RUTGERS UNIVERSITY CONDOMINIUM CLUSTER USAGE POLICY

The Amarel cluster and other OARC-managed computing systems each comprise multiple phases of nodes distributed between RU-Camden, RU-Newark, and RU-New Brunswick/Piscataway. Once or twice per year, a new phase of nodes is added to the cluster. These new nodes may have slightly different or greatly different hardware configurations and pricing than nodes from previous phases. Faculty, departments, schools, and research institutes can purchase nodes within the current phase and an owner job queue, or partition, is created to represent the resources purchased. Depending on the hardware configuration of the current phase as compared with any previous purchases made by this owner, the owner may be assigned an additional partition or may have an existing partition expanded in capacity.

Along with the numerous owner partitions, Amarel has one general-use partition (“main” partition) per campus to which all Rutgers University students, faculty, and staff with Amarel accounts may submit jobs, with local campus users having priority over non-local. Access to these general-use partitions is free to the Rutgers community. Jobs in the general-use partition may run on any and all nodes from any and all phases in the cluster that satisfy the job’s requested resources. The general-use partition is primarily a first-come first-served job queue with emphasis on larger multi-node high-performance computing (HPC) jobs over single-core or single-node high-throughput computing (HTC) jobs. The maximum number of running jobs per user in the general queue may vary throughout the day depending on cluster load. This daily dynamic “fairshare” tuning helps ensure the resources are distributed as equitably as possible to all general users. The cluster typically has greater than 95% of nodes in use at all times. General-use partition jobs have a maximum walltime of 336 hours (14 days).

When an owner submits a job to their owner partition, the job will automatically run on the purchased resources that this owner partition represents. Owner jobs are given priority attention by the job scheduler before any general job, may preempt immediately as needed any general jobs running on the requested resources, and cannot themselves be preempted. Preempted jobs are automatically requeued. Owner jobs have a maximum walltime of 336 hours (14 days). The condominium model is designed so that purchased resources feel as local as possible and that each owner has control over who gets to use his or her owner partition. Unused owner resources, when not in-use, are available to users of the general-use partition.

Cluster maintenance is performed by OARC up to 4 times per year: late May (followed by the Top 500 benchmark), early August, late November, and early February. The duration of each maintenance period may range from 3 to 48 hours or longer, depending on the work to be done. We will take the entire system off-line only when necessary. In the event that this happens, all nodes and all storage file systems, may be unavailable during the period. Users will be given 2 weeks notice regarding the maintenance date and duration. All jobs, running and queued, are terminated at the start of the maintenance period. Emergency maintenance such as critical security patches, file system, and network maintenance may be performed outside this quarterly schedule. OARC will coordinate with the its faculty advisory committee and cluster users as these situations occur.

 

Appropriate Use of Amarel Cluster Resources

Be sure to read the system messages (the MOTD) displayed whenever you log-in. Quotas and permissible limits may change as the demands on our resources change.

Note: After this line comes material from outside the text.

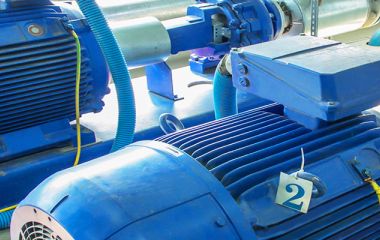 Агрегаты насосные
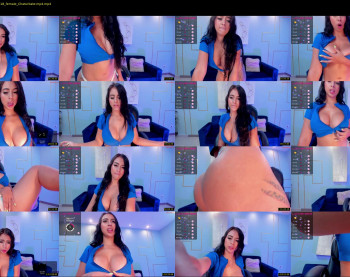 leahjones_ — 96 minute Chaturbate female cam show recording, 720p, Apr 16, 2023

The login node is a shared resource and should not be used for running computationally intensive or memory intensive applications (that’s what compute nodes are for). Compiling code and running basic research administration tasks is fine, but doing production calculations or analyses must be avoided. This presents a problem because it often impacts the ability of others to use that shared system and it can potentially interrupt availability of the login node. A user doing this will be suspended from access to the login node until (1) that user works with an ACI-REF to determine the cause of the problem, (2) a solution is found, and (3) a staff member is available to reinstate the account.

Don’t create and run programs that waste or abuse system resources. Running distributed computation programs is not permitted on the Amarel cluster. Examples include but are not limited to: the RC5 cryptographic challenge and the SETI@home Project.

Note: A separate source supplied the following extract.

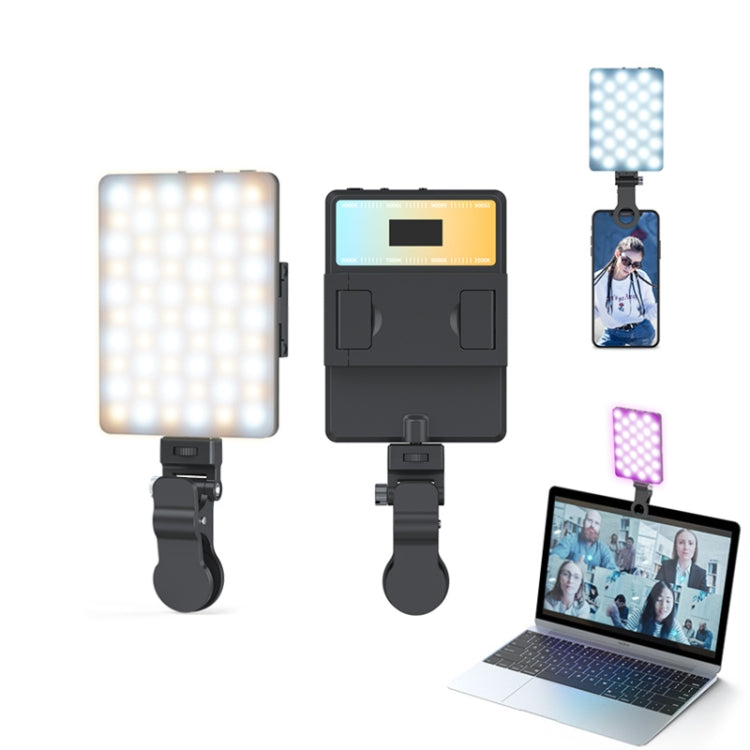5W Mobile Phone Fill Light Live Broadcast Pocket Light, V11SE, V11RGB, V11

In general, be considerate and be honest with yourself. If you think that what you are doing might be unethical or take advantage of other users, either don’t do it or contact us (e-mail: help@hpc.rutgers.edu) for an informed opinion. If you are having problems with other users on the system, please try to inform them politely of the problem and try to work things out. If this proves impossible, contact us at (e-mail: help@hpc.rutgers.edu).

 

Reservation Request Process

In cases where the general queuing system is not adequate, researchers may request a reservation for dedicated or high-priority access to a collection of nodes for a specified period of time. This is appropriate in cases where limits on numbers of nodes, walltime, or resources prevent a job from running. It is generally not appropriate as a means of circumventing the general-use partition in order to have a job complete more quickly (at the expense of other users).

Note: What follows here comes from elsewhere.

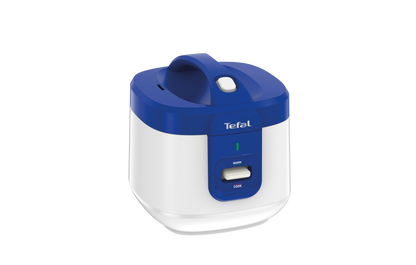 Tefal หม้อหุงข้าว EVERFORCE ความจุ 1.5 ลิตร รุ่น RK3611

The applicant makes a reservation request at http://oarc.rutgers.edu/reservation-request. Reservation requests from students must have a valid sponsor, advisor, or instructor. The applicant will be notified if the request is approved or denied and if there are any further actions to take. Under normal circumstances, a decision should be reached within 10 business days.

The following details must be provided by the applicant. If a field is left empty, value considered for that field will be “any” or “none” or “not applicable” or “default” as appropriate.

– research abstract

– why is the reservation required

– type of reservation request

– how many nodes

– how many cores per node

– type of core
s

– how much RAM per core

– type of network interconnect

– how many GPUs, if any, and what type

– amount of storage required, if the home directory and/or scratch space is not sufficient

– duration of reservation in hours/days/weeks/months as appropriate

– maximum walltime for jobs

– desired start time of reservation

– list of NetIDs with access to the reservation

Upon request by the committee, the applicant will provide further details on any aspects of the request as needed. Research scientists from OARC are available to assist with filling out the form.

 

Committee Approval Process

With the reservation request details in hand, OARC will determine, to the extent possible, the impact of the reservation request on the cluster, and will present its findings to the committee. The committee will vote to approve or deny the request. A reservation requesting more than 5% of a given resource or lifetime longer than 7 days must be voted on by the committee; smaller requests may be expedited by OARC. If the request is approved, the committee will ask OARC to make the reservation. OARC may require 2 weeks of lead time to make the reservation if the requested resources need to be drained of existing workload. OARC will inform the committee when the reservation is active, and the committee will contact the applicant.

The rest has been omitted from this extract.